Who says “Joe Millionaire” is trash TV?
Or worse, that Evan “Joe” Marriott is a dimwit? People just aren’t listening carefully. We, for instance, have learned a lot from Marriott’s many pronouncements — about him and about life:
On world affairs: “I think we ought to turn Iraq into Arab Disney. We got Japanese Disney, we got Euro Disney, we got American Disney. What’s wrong with Arab Disney? It’d be a great place for Aladdin.”
On his lifestyle: “You can say I’m gay until you’re blue in the face, you can say I hate women until you’re blue in the face — which aren’t true.”
On the meaning of life: “I’m just a 28-year-old trying to find myself.”
On his past: “To have people take potshots and go, ‘Oh, it’s impossible you made $19,000 a year,’ well, where were they when I was eating Beanie-Weenies morning, noon and night?”
On regrets: “I’m ashamed of not finishing high school.”
On women: “I like redheads. Looking at girlfriends I’ve had in the past, some are short, some are tall, some are bitchy, some are nice. But if there’s a redhead in the crowd, I’ll go there.”

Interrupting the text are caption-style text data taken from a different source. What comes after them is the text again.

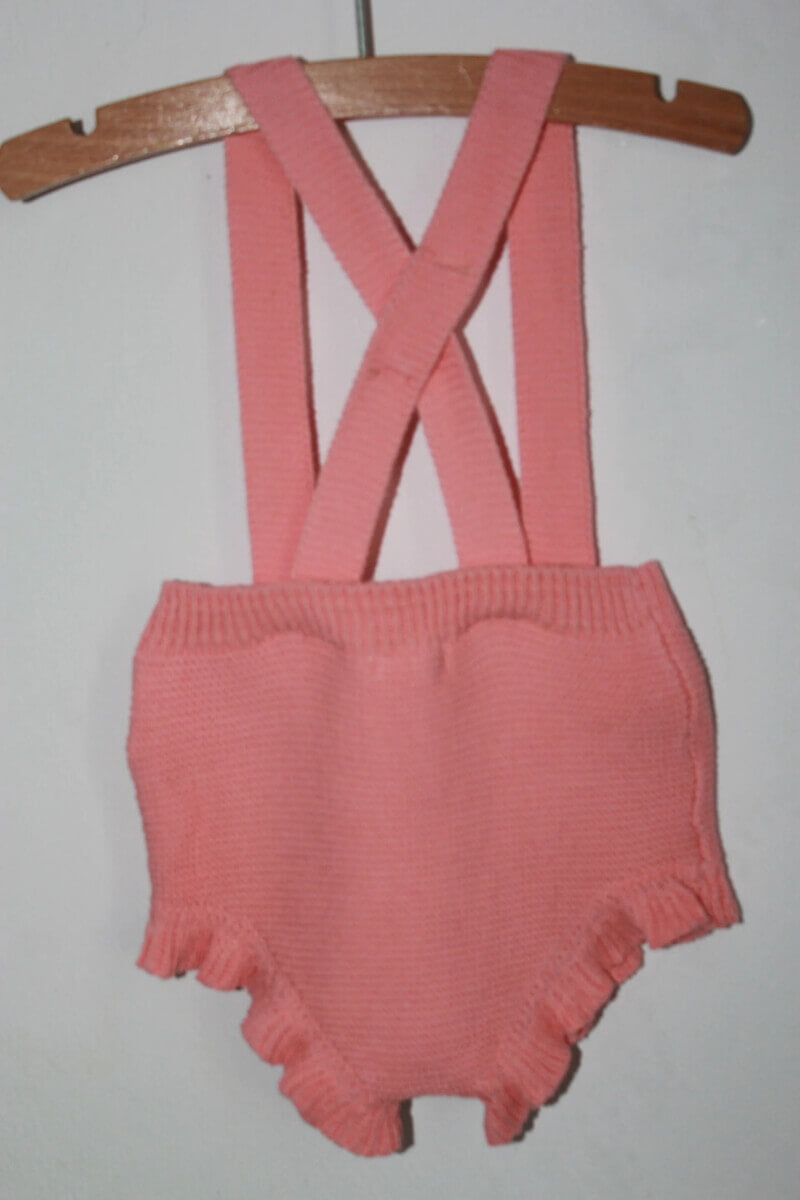 tweedehands-koraalroze-gebreid-kort-pakje-unit-baby-meisje-maat-62
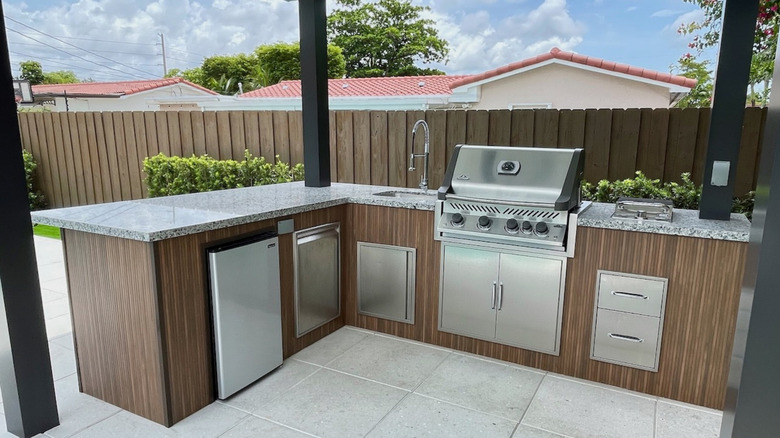Installation d'un bar extérieur dans une cour avec mini-réfrigérateur et grill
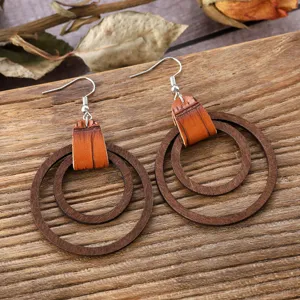 Primer plano detalle pendientes colgantes de madera y cuero bohemio encanto rústico.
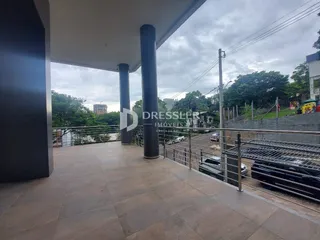 Vista de uma área externa pavimentada com grade de proteção.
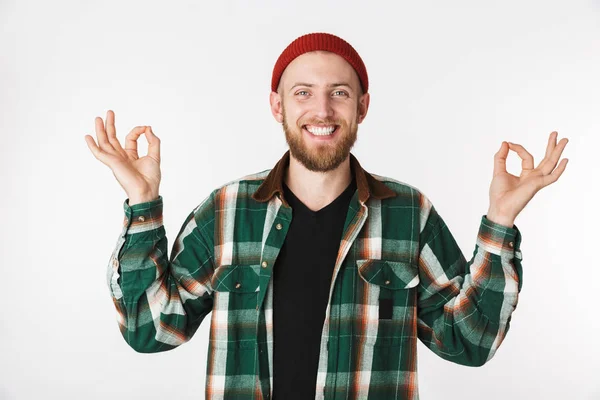 Portrait of smiling bearded guy wearing hat and plaid shirt showing meditation sign while standing isolated over white background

On etiquette training: “It started out kind of odd, [because when the instructor put her hand out] I wasn’t sure if I should lick it or kiss it or just shake it.”
On dating: “My father always told me, there’s two things you always look for with physical attraction in a woman: What her mother looks like, and what she looks like without her makeup on.”
On entertainment: “I’m not a big fan of reality shows.”